RIC is one of the region’s economic success stories, listed in the KM’s Megagrowth rankings of the 50 fastest growing businesses in Kent two years’ running.
The College has had a campus makeover and the finishing touches put to a £2million redevelopment. The historically distinctive site with listed buildings linked by award winning wildlife gardens creates a unique sense of place to explore and in which to study and work.

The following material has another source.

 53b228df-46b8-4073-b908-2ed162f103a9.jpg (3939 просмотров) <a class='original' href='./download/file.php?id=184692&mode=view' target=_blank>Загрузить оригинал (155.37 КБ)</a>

At the heart of a designated conservation area, RIC is housed in restored buildings enhanced by modern design features. New for 2012 is Underhill Hall, a home for RIC Drama with seating for 100 people. The copper canopied roof transforms into an open-air auditorium with productions from visiting theatre companies and students. Low voltage electrical installation and modern construction techniques combine to give the underground building a minimal carbon footprint.
The recently acquired New Court at the top of Star Hill has been colonised as a base for GCSE students and the whole site is now connected with all circulation through the gardens. Over 200 sash windows on the Georgian terrace have been rebuilt and our student residences now offer en suite facilities.
RIC students appreciate their relationship with their environment and a calm and respectful atmosphere pervades. The grounds and garden, partly developed by the students, provide a valuable resource. The mood is relaxed and inclusive, enabling all to feel secure, develop their personalities and appreciate their role within the community. Students feel that there is little bullying or unkindness and attribute the happy atmosphere to the fact that ‘everyone knows everyone.’
The 2012 expansion is supported by Swedish bank, Handelsbanken. It has always been the College’s policy to invest profits back into the business and we will continue to develop the campus to improve facilities for students.
Next year will see a dedicated arts and crafts centre established and a landmark pair of steel sculptural musical gates designed by Faversham based sound sculptor and musician Henry Dagg constructed. Dagg was nominated for a Kent Public Art Award for transforming his garden fence into a glockenspiel, has toured with Bjork and performed for Prince Charles. Rochester’s newest piece of public art is set to attract national interest when completed.